Jeremy Tepper, Impresario of Outlaw Country Music, Dead at 60

Jeremy Tepper, who relentlessly championed the outlaw country genre by highlighting both its revered icons and rebellious upstarts in his role as program director for SiriusXM’s “Outlaw Country” channel, died Friday. Tepper’s wife, the singer-songwriter Laura Cantrell, announced his death of a heart attack in New York City. He was 60.

Tepper was a gregarious, ubiquitous presence in the country, Americana, and rock universe, seemingly always in the crowd or backstage at concerts and festivals, from the Luck Reunion at Willie Nelson’s ranch in Spicewood, Texas, to the Americana Music Festival in Nashville, to the opening last week of an exhibit at the Rock and Roll Hall of Fame honoring Mojo Nixon, Tepper’s close friend and Sirius XM colleague who died in February. An encounter with Tepper at a show reliably came with two things, a “yeah baby” greeting and a burly bear hug.
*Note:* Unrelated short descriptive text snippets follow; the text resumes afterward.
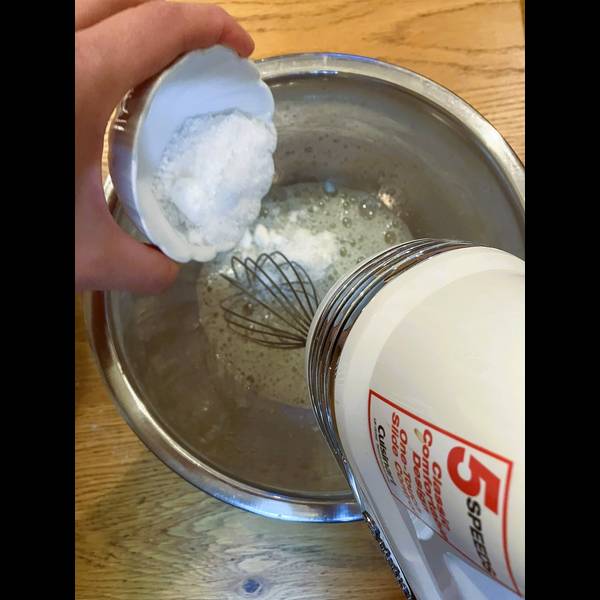Adding sugar into the egg whites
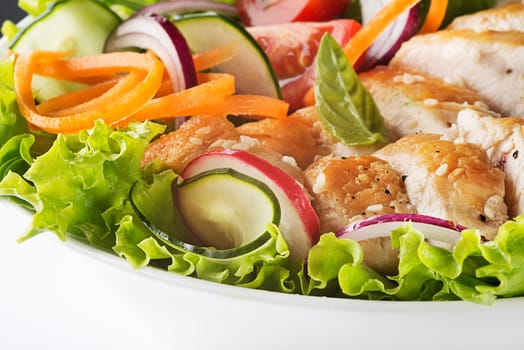 Healthy green salad with chicken breast and fresh vegetables close up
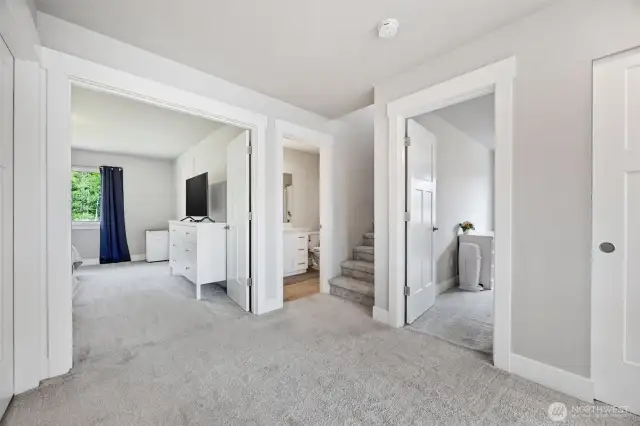 Upstairs hall way, primary bedroom thru French doors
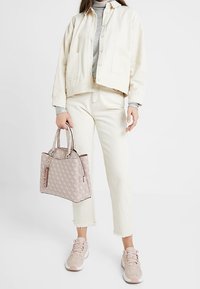 Kremowa kurtka sztruksowa, szary sweter, białe dżinsy, torba w różowe wzory oraz jasnoróżowe sneakersy z akcentami. Krótkie postrzępione nogawki dżinsów.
Born in 1963, Tepper was a graduate of NYU, where he majored in journalism. In 2004, he joined the satellite-radio giant SiriusXM as program director of a new channel launched by Steven Van Zandt called “Outlaw Country.” Backed by an army of eccentric, often outspoken DJs, including Nixon, former WWE wrestler Hillbilly Jim, Jackass’s Johnny Knoxville, Steve Earle, and Elizabeth Cook, Tepper established a community for misfits and outsiders — both artists and listeners alike.
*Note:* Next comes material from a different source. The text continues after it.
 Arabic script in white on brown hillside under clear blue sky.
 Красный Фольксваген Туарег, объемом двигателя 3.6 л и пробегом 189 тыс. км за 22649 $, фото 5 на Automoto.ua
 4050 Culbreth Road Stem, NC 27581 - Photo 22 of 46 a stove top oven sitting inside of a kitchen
The channel’s playlists cast a wide musical net and featured outlaw country pioneers like Waylon Jennings and Kris Kristofferson, cowpunk bands Old 97’s and the Blasters, singer-songwriters like Lucinda Williams and Jesse Dayton, and a new crop of upsetters like Vandoliers and Joshua Ray Walker. (Tepper also oversaw SiriusXM’s “Willie’s Roadhouse” channel.)
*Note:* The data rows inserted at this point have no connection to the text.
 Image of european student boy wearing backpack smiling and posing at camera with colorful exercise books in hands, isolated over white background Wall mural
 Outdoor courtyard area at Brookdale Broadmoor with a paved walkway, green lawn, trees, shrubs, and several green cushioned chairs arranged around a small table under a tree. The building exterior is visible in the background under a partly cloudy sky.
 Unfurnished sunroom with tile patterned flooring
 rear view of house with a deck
Many of those artists would follow Tepper out to sea on what became his signature annual event: The Outlaw Country Cruise, a rowdy, multi-day voyage presented with music-cruise company Sixthman. As the behind-the-scenes curator of the cruise, Tepper put together wildly eclectic lineups: The Mavericks, Emmylou Harris, Nikki Lane, Georgia Satellites’ Dan Baird, Cajun fiddler Doug Kershaw, and New York punk troubadour Jesse Malin have all sailed since the inaugural OCC in 2016. Tepper prided himself on paying tribute to legends of all genres on the cruise and enticed Country Music Hall of Famers like Kristofferson and John Anderson and reggae groundbreaker Lee “Scratch” Perry to come aboard. A ninth edition of the cruise is slated for February 2025.

“The Outlaw Country Cruise becomes a place where that legacy of what happened in the mid-1970s lives on,” Tepper told Rolling Stone in 2019. “It’s still alive and we’re moving it forward.”

Prior to his career at SiriusXM, Tepper was lead singer in the band the World Famous Blue Jays. He also founded and ran the indie label Diesel Only Records, which released the deep-cuts celebration of truck-driving music, Rig Rock Deluxe (A Musical Salute to the American Truck Driver), in 1996, underscoring the depth and passion of his musical knowledge.

On Saturday, artists and colleagues remembered Tepper. “Lost my good friend Jeremy Tepper last night. An incredibly tragic loss so young,” Van Zandt wrote. “He ran my Outlaw Country station on SiriusXM brilliantly. It is actually quite a complicated format and he made it look easy.”

In a statement, SiriusXM said Tepper “profoundly influenced us with his unwavering dedication to music and innovative spirit. His contributions, in shaping Outlaw Country and Willie’s Roadhouse, are beyond measure.”

Earle wrote that the Outlaw Country and Willie’s Roadhouse channels “lost our leader… He was our coach, cheerleader and a dear friend.” The journalist Ann Powers described him as a “joy generator.”


Tepper was an inveterate concertgoer and talked about living by a “rule of threes” — any night out had to include seeing at least three different bands. On a trip to Nashville earlier this spring to open SiriusXM’s new downtown studio, that included Bob Dylan and the Black Crowes. Often, one of the three would fall in the outlaw country sphere.

“We draw from a variety of food groups: rockabilly, honky-tonk, the country-rock of the Byrds/Dylan variety, cowpunk, alt-country, all the way through to today’s Americana artists,” Tepper once told RS of the “outlaw country” tag. “It means something different to everyone.”